**What you should do**
In the records below, find the line that contains "Emelie1a live cam on BongaCams". Retype that line and all the lines after it through the end, leaving out the pictures.

(Image-caption web data)
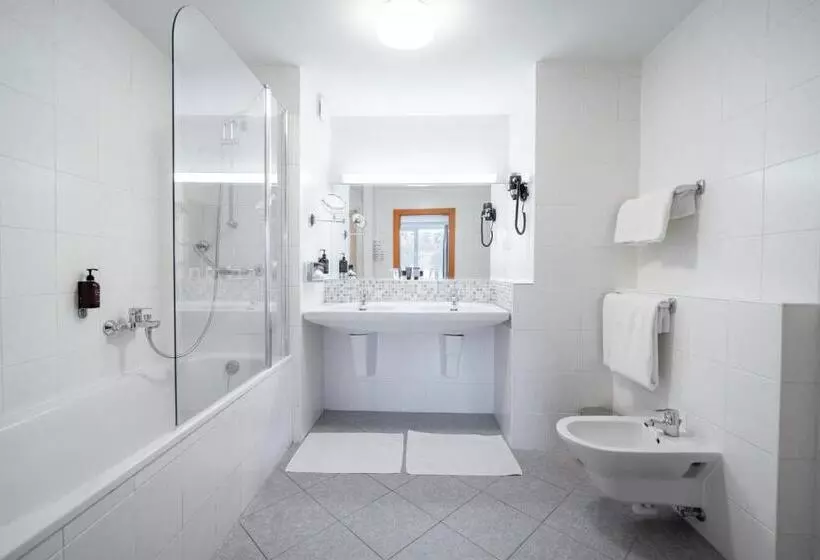 Fotos del hotel Orea  Pyramida Praha:  9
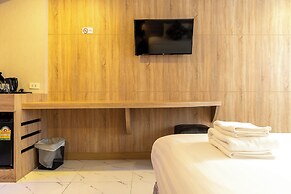 Rodina Beach Hotel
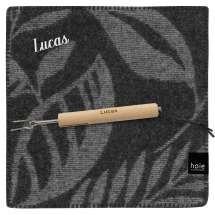 Sittunderlag från Høie i ull, tillsammans med grillpinne. Båda med samma namn.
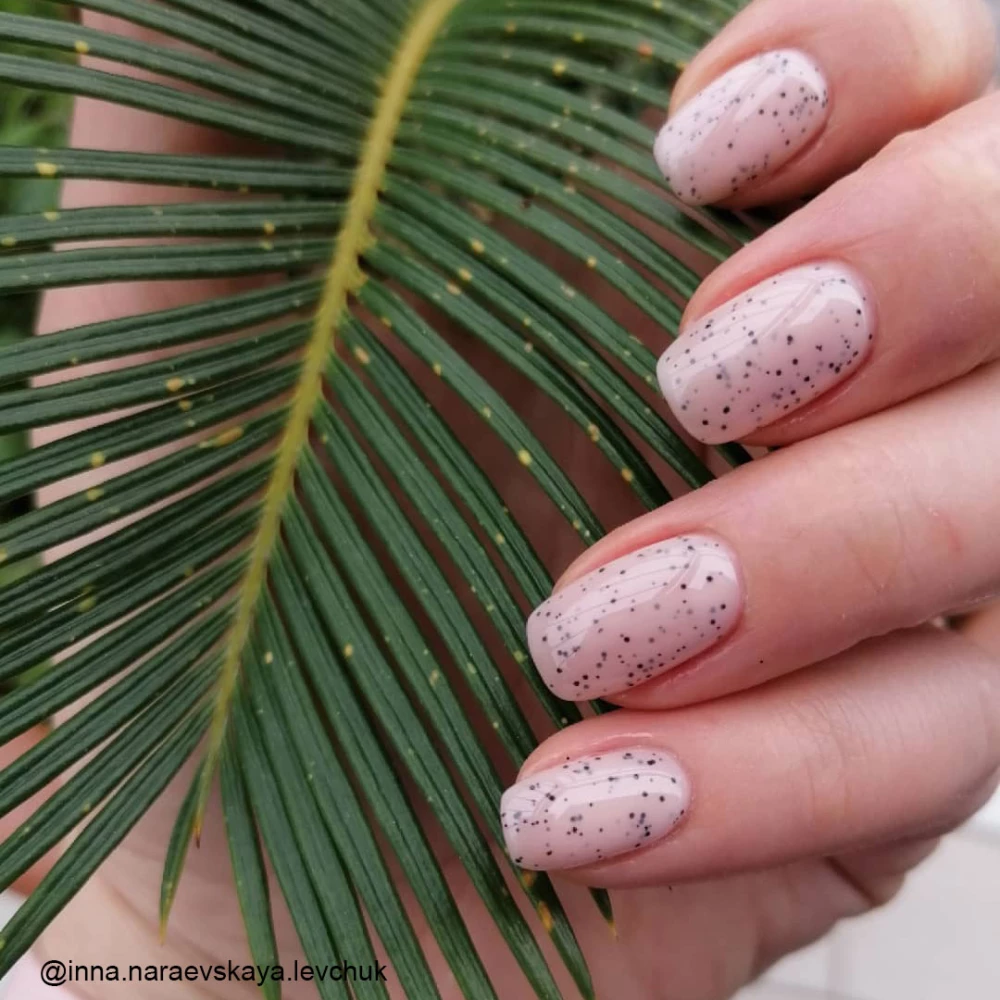 Гель-лак Kira Nails Чиа Пудинг №001 Ваниль (с крошкой), 6 мл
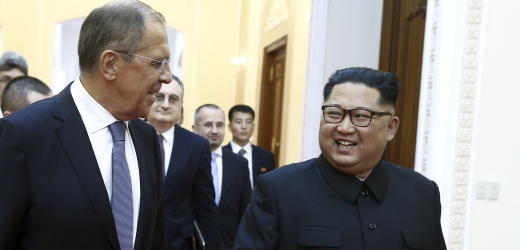 Kim Čong-un a Sergej Lavrov.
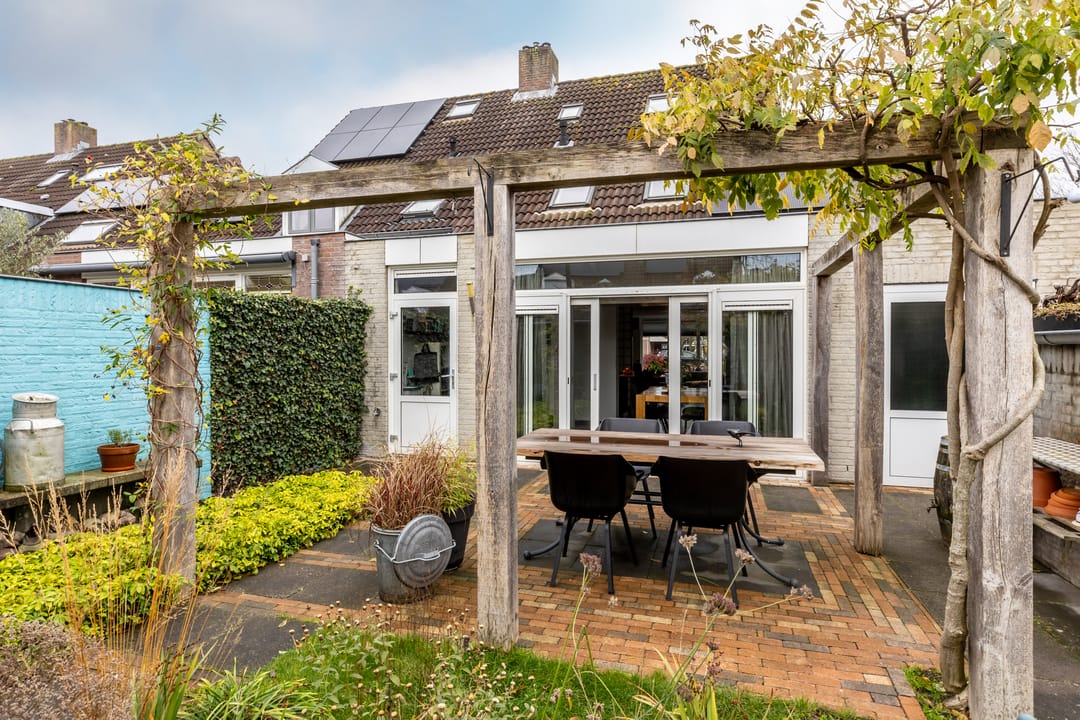 Photo 37 of Klokkenmaker 10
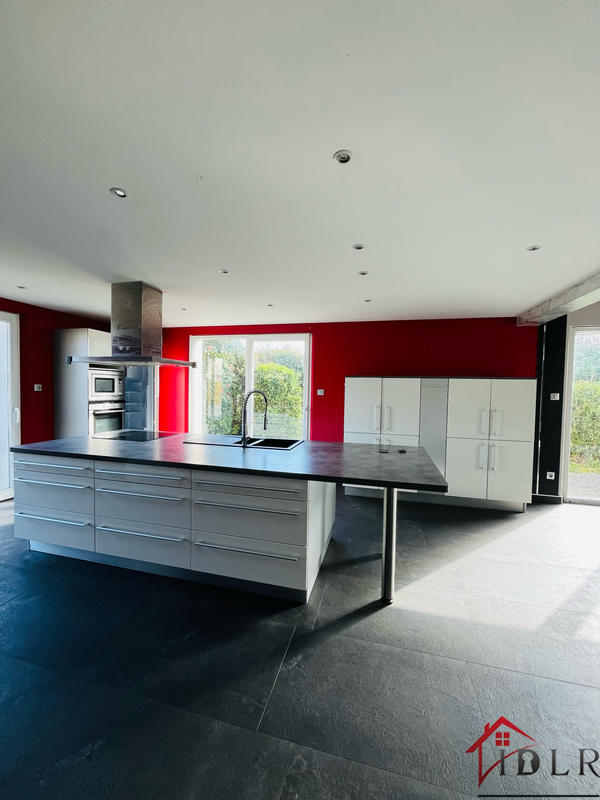 Maison - 240 m² - 7 pièces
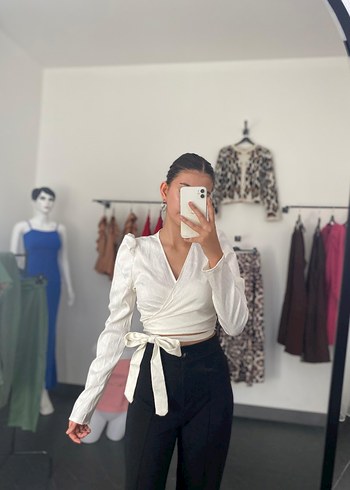 Beyaz Kuşaklı Midi Saten Bluz - Görsel 5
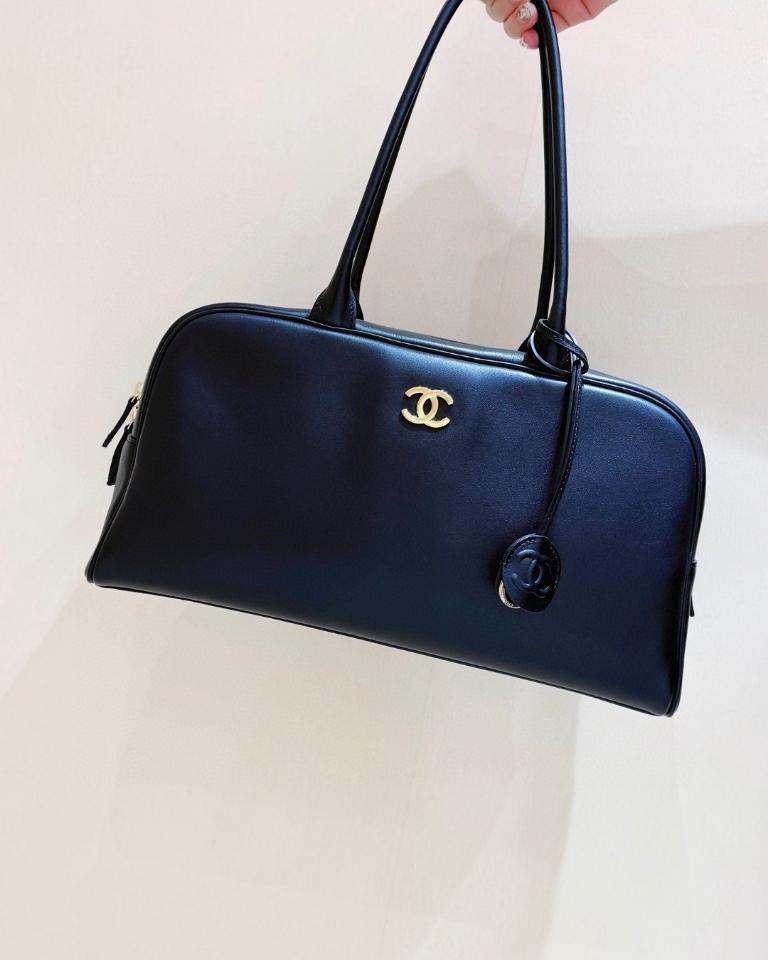 Chanel Large Bowling Bag   Calfskin & Gold-Tone Metal Black AS6211 19 x 35.5 x 12.5cm-duoc-ban-tai-Hvip Bags and Accessories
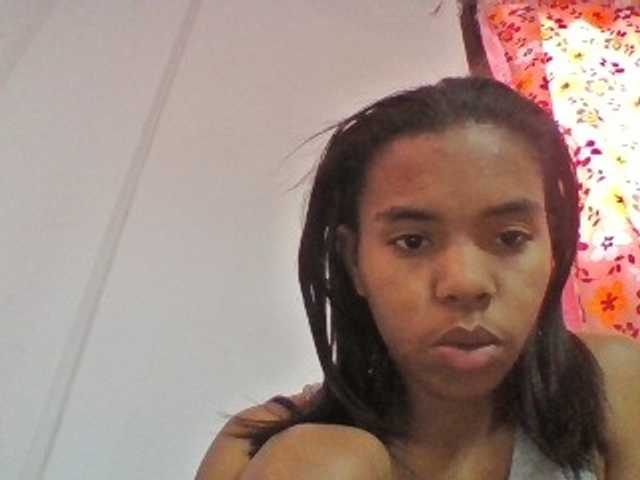 Emelie1a live cam on BongaCams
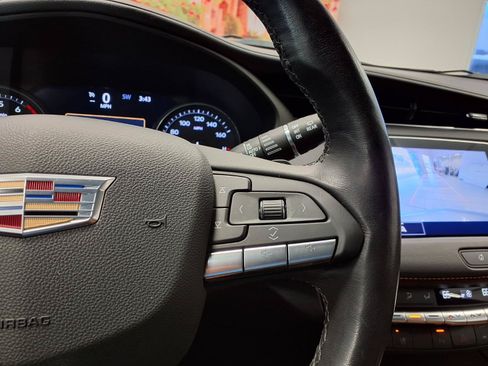 Certified 2023 Cadillac XT4 Premium Luxury w/ Technology Package FWD image 29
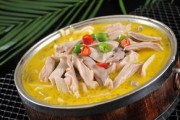 鸭汤煨面，口感丝滑（鸭汤煨面的制作方法及口感特点，鸭汤）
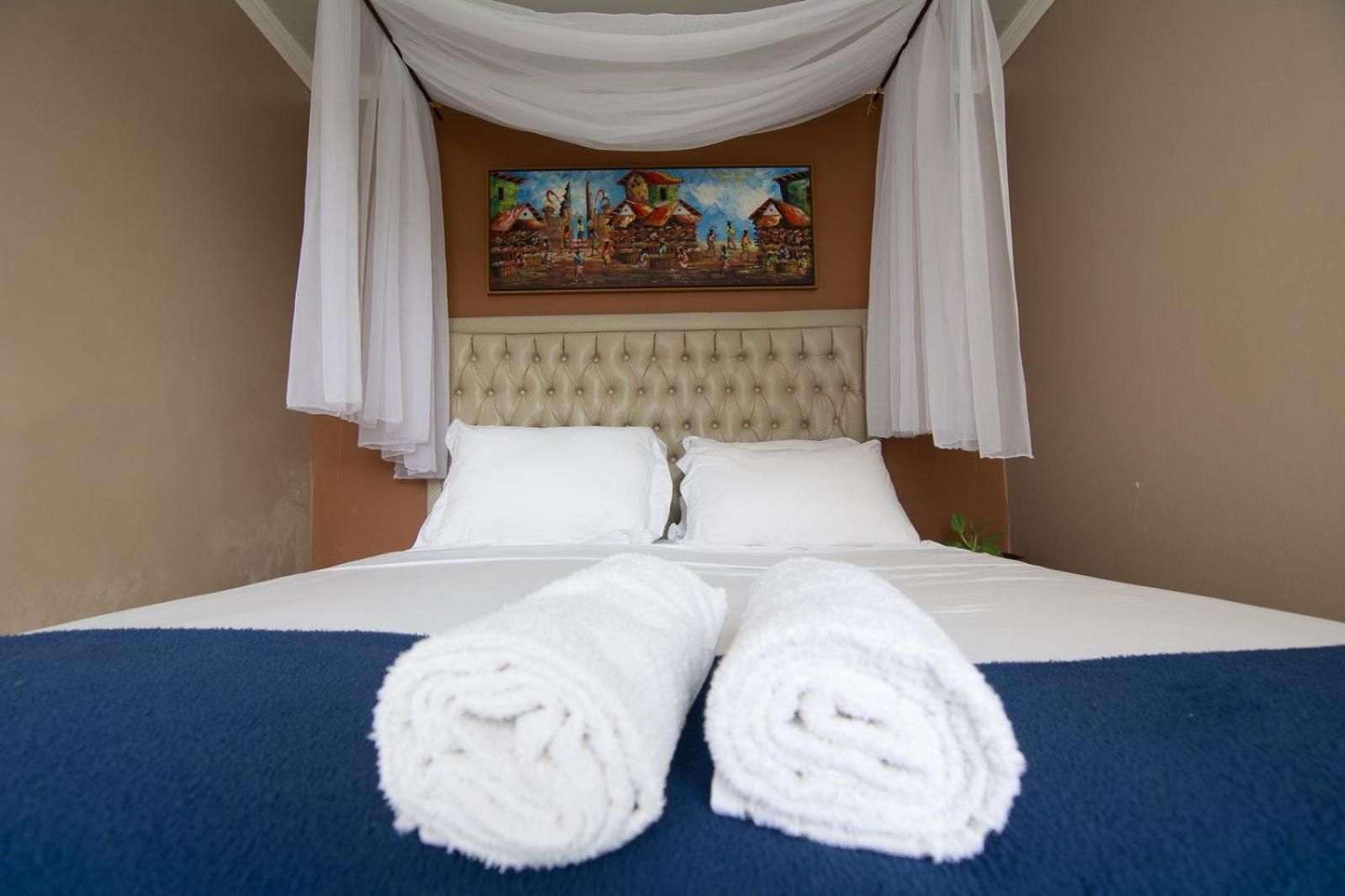 Junior Suite with Pool View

**Exercise solution**
 Emelie1a live cam on BongaCams
 Certified 2023 Cadillac XT4 Premium Luxury w/ Technology Package FWD image 29
 鸭汤煨面，口感丝滑（鸭汤煨面的制作方法及口感特点，鸭汤）
 Junior Suite with Pool View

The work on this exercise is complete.